みんな尊重すべきプライベートがあり、本人やチームの業務に支障がなければ、タイムカードのような非人間的な管理はされません。
②キャリア開発をみんな考えている
GAFAMの人材も流動的で3~5年で退職する人も少なくありません。
退職する理由は、会社や上司とウマが合わないからではありません。
ほとんど全ての社員がキャリアアップをそれぞれ考えており、会社もそれを促進させようとしています。
GAFAMで働く社員は、社会人においての自己実現のために、今の会社を選び、ステップアップのために社内・社外のポジションを常に探しています。
自分のやりたいことと、会社やその役職が求めている方向性がマッチしたほうが、会社から一方的に役職を与えるよりもはるかに高いパフォーマンスを発揮するからです。
これは一般職員からCEO幹部や上級役職でも一緒です。
人材の回転率は高いですが、会社を辞める理由がポジティブですね。
会社では、定期的に上司と部下が、部下のキャリア開発のために何ができるか、今どうか、といったことが話し合われます。
その役職で任されている職務や責任に加えて、従業員本位のやりたいことを会社としてどう実現させることができるのか、という視点が大事にされています。

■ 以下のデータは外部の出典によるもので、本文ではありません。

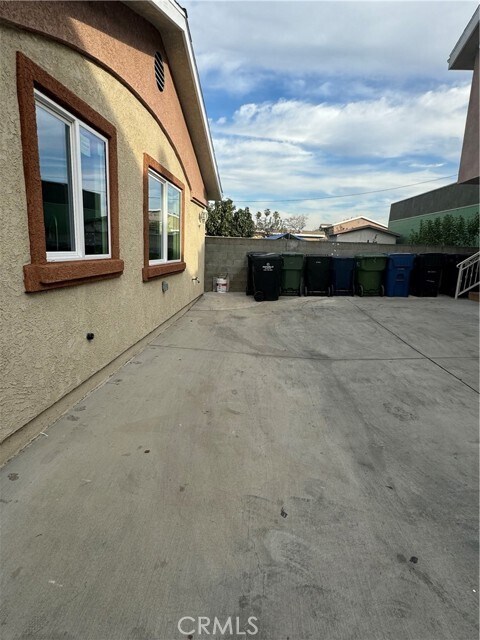 Foto del edificio - 3536 W 108th St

給料はPerformance, Process, Presentationで決まる
では、従業員の成果や給料はどう評価されるのでしょうか?
①結果も努力も評価される
競争と変化の激しいテック企業も従来は典型的な成果主義でした。
ところが、2019年頃から、新しい人事評価の流れがでてきました。
どうすれば社員の能力を最大限活かすことができるのか、研究機関と企業が従業員のモチベーションについて研究・実験した結果、成果よりも努力を評価されるほうが、人はうれしいと感じるということがわかりました。
そこで、従来の目標や会社に対してどれだけ成果を上げたかという点だけではなく、どのように結果を出したが、だれとどのように協力したかなど、その軌跡も評価する傾向にあります。
②会社にどのように貢献したか説明せよ
成果と努力が評価される流れにはなってきていますが、それでも成果というのは主要な評価指標です。
社員を評価するのはその上司であるマネージャが主体で、マネージャの大きな責任の一つです。
社員一人ひとりに与えられている裁量が大きいので、マネージャは部下一人ひとりの業務や成果を随時把握していない場合が多いです。
そのため部下は上司に対し、自分が会社にどのように貢献してきたかを説明し、上司と合意します。
1:1でプレゼンを行う場合もありますが、書面でしっかりその対話がなされたことを残します。
マネージャはその情報を整理し、他部門のマネージャ同士やそのうえの上司と相談し、人事の監視を受けたうえで最終決定をくだします。
社員自身が社内で自分がどう会社に貢献したかという視点でセールスする能力が問われます。
③企業理念に沿った行動をしたか
GAFAM企業はそれぞれに独自の企業理念が存在します。
求められる人材像は、このような理念に沿った思考と行動ができるかという点が問われます。
人事評価も、会社独自の企業理念に沿って行われる場合が多いです。
例えば、Googleの社是「10の事実」では、以下の視点を非常に非常に大切にしています。
- ユーザーに焦点を絞れば、他のものはみな後からついてくる。(Focus on the user and all else will follow.)
- 一つのことをとことん極めてうまくやるのが一番。(It's best to do one thing really, really well.)
- 遅いより速いほうがいい。(Fast is better than slow.)
- ウェブでも民主主義は機能する。(Democracy on the web works.)
- 情報を探したくなるのはパソコンの前にいるときだけではない。(You don't need to be at your desk to find an answer.)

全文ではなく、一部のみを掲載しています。